I assumed I could do this with just one UDP listener. In theory you sorta can, however, it gets tricky if you want add this capability to multiple programs running on the same computer. Since skill discovery has to start with a known port, I used “1212” in my case, I realized that I couldn’t have more than one app running at the same time, bound to port 1212 exclusively. I read about SO_REUSEADDR, which allows you to bind to an already bound socket… and is available on both Linux and Windows. Problem solved, right? WRONG!

My second mistake:

If you skip the fine-print, you’ll miss that the “reuse” option for sockets does not actually allow two apps to listen on the same port. What is most likely to happen, is one app will get the packets and the other will think it’s listening, but nothing will ever talk to it. Officially the functionality is undeterministic. You can’t use the SO_REUSEADDR option for anything meaningful. What do now?

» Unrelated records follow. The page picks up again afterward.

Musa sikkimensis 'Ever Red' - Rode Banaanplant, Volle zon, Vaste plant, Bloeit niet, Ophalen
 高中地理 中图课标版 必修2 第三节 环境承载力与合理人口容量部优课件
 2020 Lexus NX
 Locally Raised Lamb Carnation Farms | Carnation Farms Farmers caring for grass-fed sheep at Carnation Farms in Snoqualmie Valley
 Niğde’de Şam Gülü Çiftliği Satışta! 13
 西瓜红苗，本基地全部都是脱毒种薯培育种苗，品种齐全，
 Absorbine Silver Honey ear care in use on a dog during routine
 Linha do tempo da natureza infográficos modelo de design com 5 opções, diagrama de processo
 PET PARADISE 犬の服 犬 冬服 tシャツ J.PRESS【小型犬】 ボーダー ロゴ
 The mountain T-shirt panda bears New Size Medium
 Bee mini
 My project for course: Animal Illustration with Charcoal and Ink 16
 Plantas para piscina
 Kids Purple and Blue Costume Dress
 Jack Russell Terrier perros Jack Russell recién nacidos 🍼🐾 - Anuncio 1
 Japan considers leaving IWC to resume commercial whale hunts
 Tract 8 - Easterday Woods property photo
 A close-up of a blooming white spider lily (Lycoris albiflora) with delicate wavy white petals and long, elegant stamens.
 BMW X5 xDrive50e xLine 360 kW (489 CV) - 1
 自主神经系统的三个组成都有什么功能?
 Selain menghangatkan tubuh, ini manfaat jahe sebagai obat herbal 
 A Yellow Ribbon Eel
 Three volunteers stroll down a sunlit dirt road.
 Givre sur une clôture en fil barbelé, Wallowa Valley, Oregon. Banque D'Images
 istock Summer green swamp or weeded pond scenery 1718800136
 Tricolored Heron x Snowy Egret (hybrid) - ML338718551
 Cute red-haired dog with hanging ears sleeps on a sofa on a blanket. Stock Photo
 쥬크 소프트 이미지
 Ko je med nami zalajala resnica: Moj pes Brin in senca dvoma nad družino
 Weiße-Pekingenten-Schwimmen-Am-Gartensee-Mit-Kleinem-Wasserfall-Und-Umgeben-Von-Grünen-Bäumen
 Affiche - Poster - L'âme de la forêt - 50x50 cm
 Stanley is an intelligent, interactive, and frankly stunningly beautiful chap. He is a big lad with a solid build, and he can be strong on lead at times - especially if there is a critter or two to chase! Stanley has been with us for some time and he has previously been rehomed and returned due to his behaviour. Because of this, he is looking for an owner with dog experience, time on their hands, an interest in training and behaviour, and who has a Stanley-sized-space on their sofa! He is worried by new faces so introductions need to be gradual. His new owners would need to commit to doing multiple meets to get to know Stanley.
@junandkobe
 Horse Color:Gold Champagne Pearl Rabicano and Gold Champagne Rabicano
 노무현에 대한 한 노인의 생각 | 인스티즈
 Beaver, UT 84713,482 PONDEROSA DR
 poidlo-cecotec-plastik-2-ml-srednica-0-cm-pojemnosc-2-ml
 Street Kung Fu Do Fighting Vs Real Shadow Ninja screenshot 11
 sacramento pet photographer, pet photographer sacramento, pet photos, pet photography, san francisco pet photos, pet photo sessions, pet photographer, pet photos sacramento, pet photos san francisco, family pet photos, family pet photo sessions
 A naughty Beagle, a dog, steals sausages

Image result for what do now?

My third mistake:

I read that there was an exception to the rule. I could get multiple apps to listen on the same UDP port, AND have all the apps receive all the packets…. all I had to do was join a multicast group. I spent another 24-hours trying to get this working…. but it didn’t really. I’m not sure I trust multicast really. I’m not sure what went wrong, but I feel like my network of wireless routers, switches, and virtual machines dropped the ball somewhere. I wouldn’t do multicast unless you had 100% faith in every router and switch in the world to implement multicast functionality 100% correctly… and/or you have a backup mechanism for when multicast fails. Multicast is intended primarily to save bandwidth for things like TV broadcasts when it works, but if it doesn’t work, I think you still need a non-multicast solution. Multicast is NOT intended for device discovery broadcasts. DHCP and ARP are the most common discovery mechanisms, and they function without multicast… I eventually had to conclude that I was barking up the wrong tree.

My final solution:

I finally got it all working with vanilla UDP, however, I learned to obey a few rules/design concepts.
1) TWO UDP listeners are required.

One listener listens on the main port “1212” and shares the socket with any other running apps listening on 1212 on that computer. Even if we can’t be sure the messages will not be sent to another app , this is okay. I’ll explain this a bit later.

The second listener does not share it’s port, but binds to an “ephemeral” port (a random port assigned by the OS). The libraries I use pick an ephemeral port if you specify “0” for the port to bind to. I think most libraries are like this.

2) When sending messages out, use only the ephemeral listener.

This is the only port upon which you have a reasonable guarantee that you’ll get a reply. If I send out any messages over port 1212, the replies I get back might actually go to another app that I might not even realize is running.

3) Only one 1212 listener is required on the whole network, all others are optional

There only needs to be one computer/app on the whole network that successfully binds to port 1212. That computer will keep a list of everything it hears and then reply back to the other apps on the ephemeral ports with what it knows. The whole protocol consists entirely of two messages that I call “herro” and “wasup”.

A typical exchange
(note: the 5-digit numbers are ephemeral ports)
1212: The “master” port – there has to be at least one successful binding of this on the network
54321: The “master”‘s ephemeral port
12345: The “client”‘s ephemeral port

“herro” 12345->1212 — This means “I am looking for skills on the network”
“wasup” 54321->12345 — “I know of some skills here is my list or local and known remote skills”

With all the skills being periodically requested, refreshed, and expired, eventually all the 1212 listeners on the network will have the same skill list.

As you can see the last bit there is the part that required a little bit of thought. I hope that by offering this insight, someone else out there gets more sleep than I did last night. 😉 Happy coding!